• Recorded data:
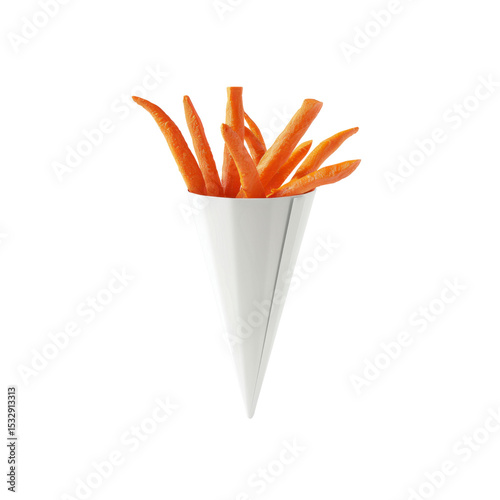 Crispy Carrot Sticks in a White Cone - Healthy Snack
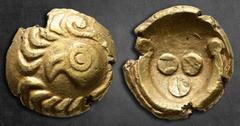 Celtic Central Europe. The Vindelici 75-50 BC. Stater AV 18 mm, 7,50 g Head of a bird to left within a wreath on the left and a torque on the right / Three pellets within torque with pellet at each en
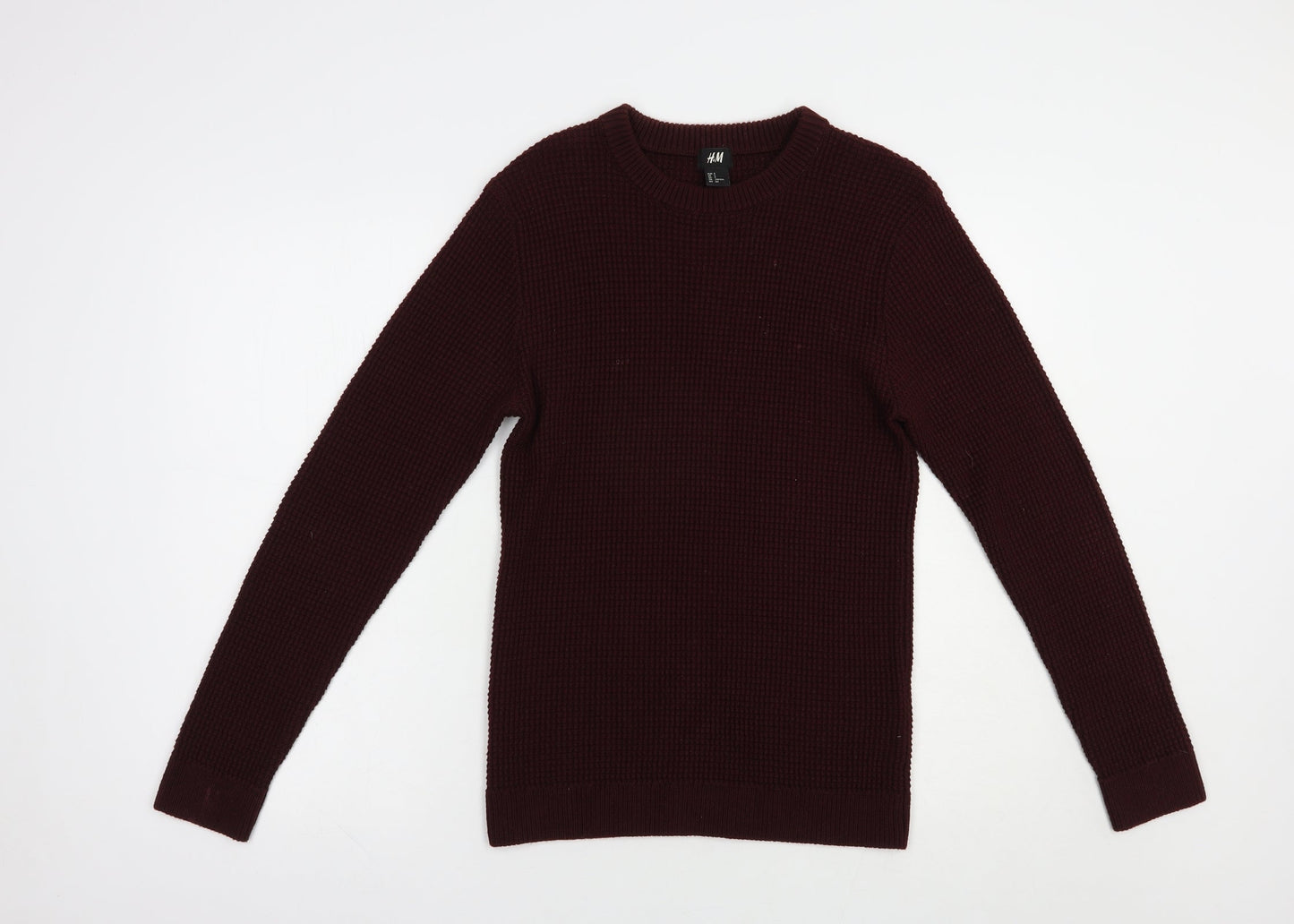 H&M Mens Brown Crew Neck  Acrylic Pullover Jumper Size S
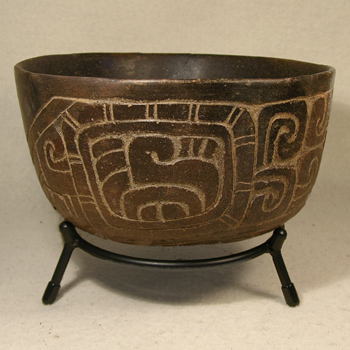 Carved Maya Bowl - After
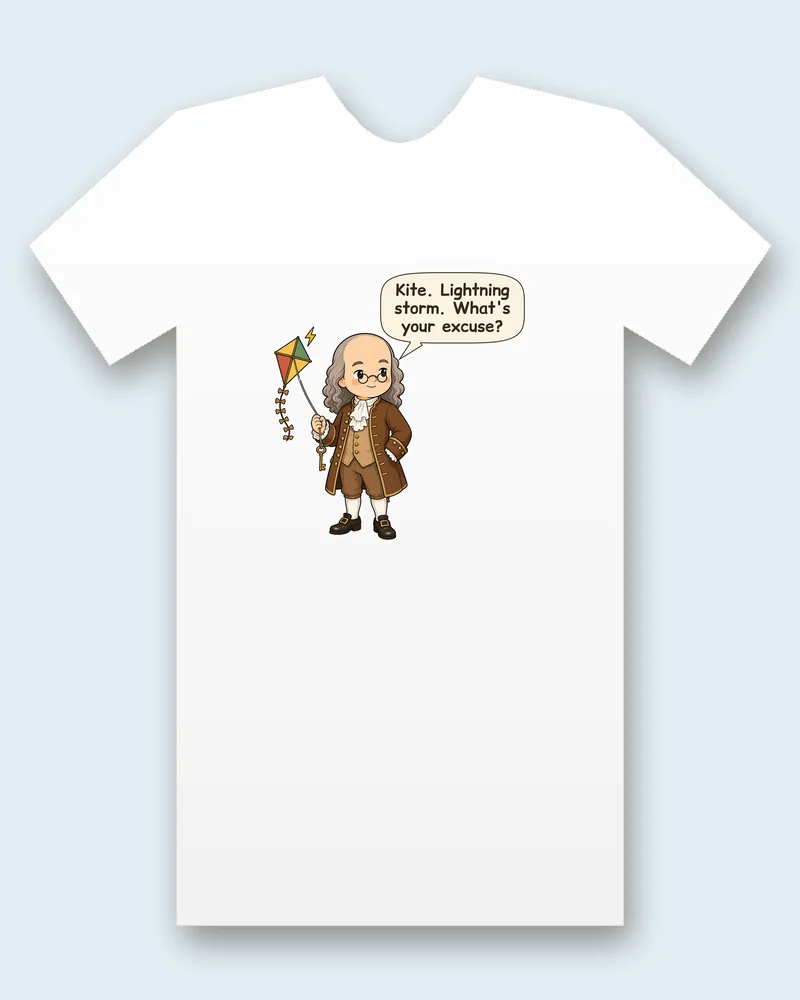 Ben Franklin on a white tee mockup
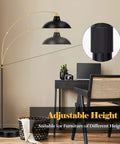 Arc Floor Lamp With Marble Base In Black Gold Finish, Industrial Tall Standing Lamp, 360 Rotatable Arm in modern home office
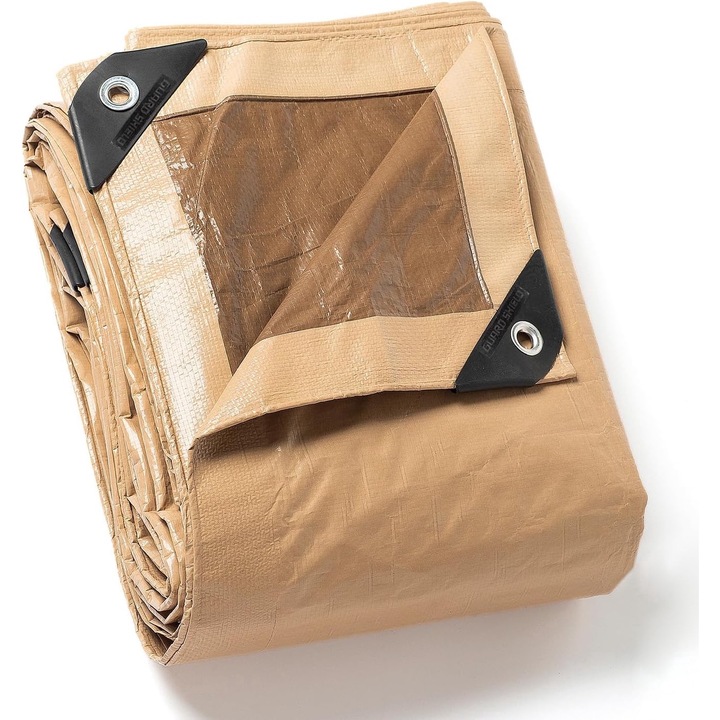 Prelata din polietilena, impermeabila, maro, 4x5 m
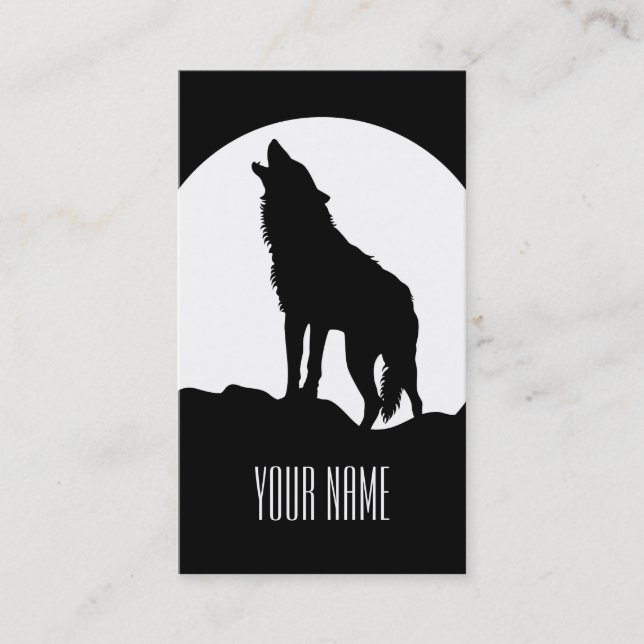 Howling Wolf Visitenkarte Schwarz/Weiß (Vorderseite)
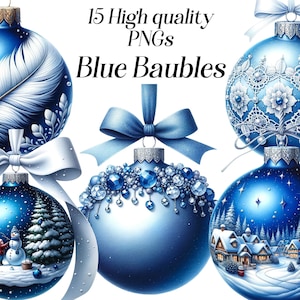 Clipart aquarelle boules bleues, 15 fichiers PNG de haute qualité, clipart festif, ornements d'arbre de Noël, graphiques imprimables, illustration de Noël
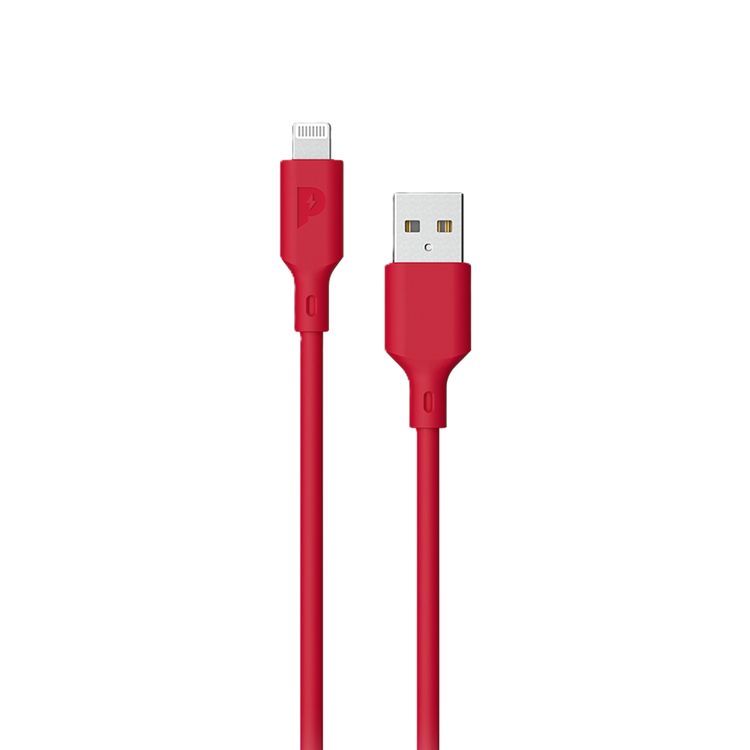 Powerology PVC Type-A to Lightning Cable 1.2m, Bend-Proof Design, Flex Shield PVC Coated Copper, Fraying Protection - Red 
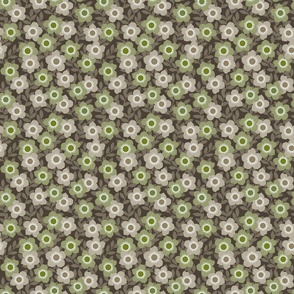 Retro Flowers - Green, Brown, Natural, Beige, Small Scale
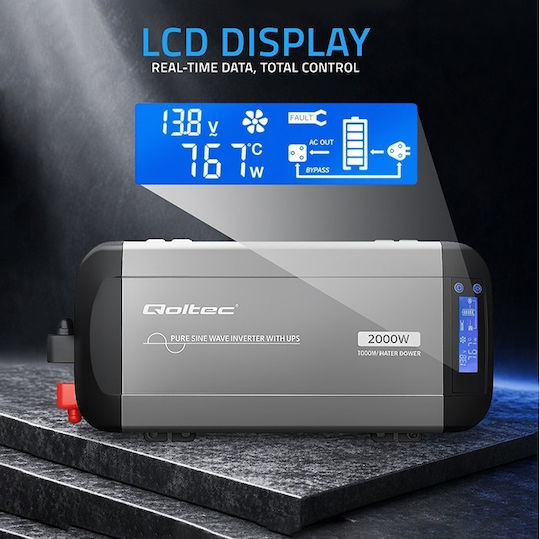 Qoltec Μετατροπέας Τάσης Pure Sine Wave 12v 230v 1000/2000w Ups Bypass Lcd Usb Usb-c Συμβατός Lifepo4 Gel Agm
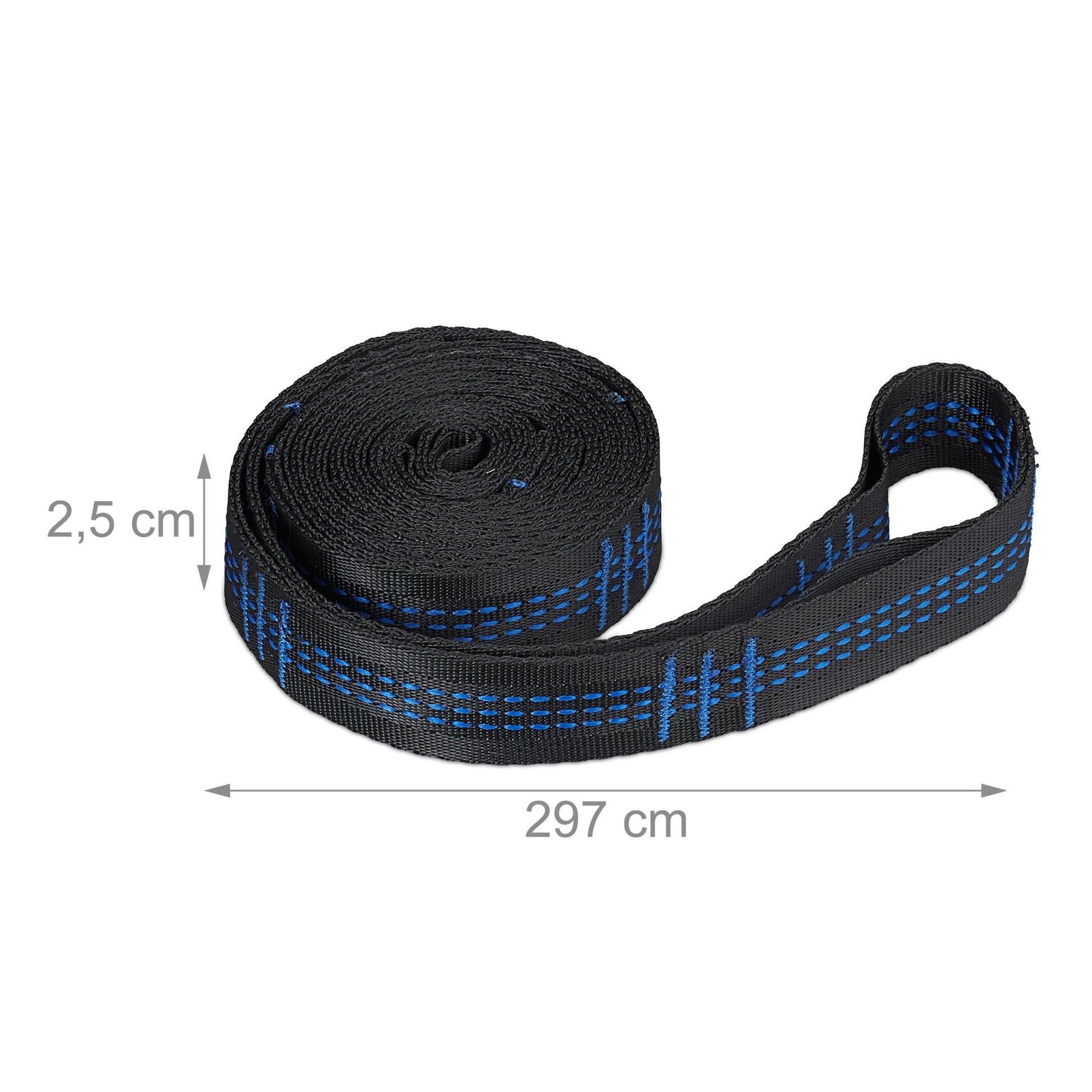 Hängematte Befestigung Set Blau-Schwarz von Relaxdays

• Task to carry out: Reproduce word for word the lines from the line with "Carved Maya Bowl - After" to the end of the entries above, both included, but leave the pictures out.

• Task output:
 Carved Maya Bowl - After
 Ben Franklin on a white tee mockup
 Arc Floor Lamp With Marble Base In Black Gold Finish, Industrial Tall Standing Lamp, 360 Rotatable Arm in modern home office
 Prelata din polietilena, impermeabila, maro, 4x5 m
 Howling Wolf Visitenkarte Schwarz/Weiß (Vorderseite)
 Clipart aquarelle boules bleues, 15 fichiers PNG de haute qualité, clipart festif, ornements d'arbre de Noël, graphiques imprimables, illustration de Noël
 Powerology PVC Type-A to Lightning Cable 1.2m, Bend-Proof Design, Flex Shield PVC Coated Copper, Fraying Protection - Red 
 Retro Flowers - Green, Brown, Natural, Beige, Small Scale
 Qoltec Μετατροπέας Τάσης Pure Sine Wave 12v 230v 1000/2000w Ups Bypass Lcd Usb Usb-c Συμβατός Lifepo4 Gel Agm
 Hängematte Befestigung Set Blau-Schwarz von Relaxdays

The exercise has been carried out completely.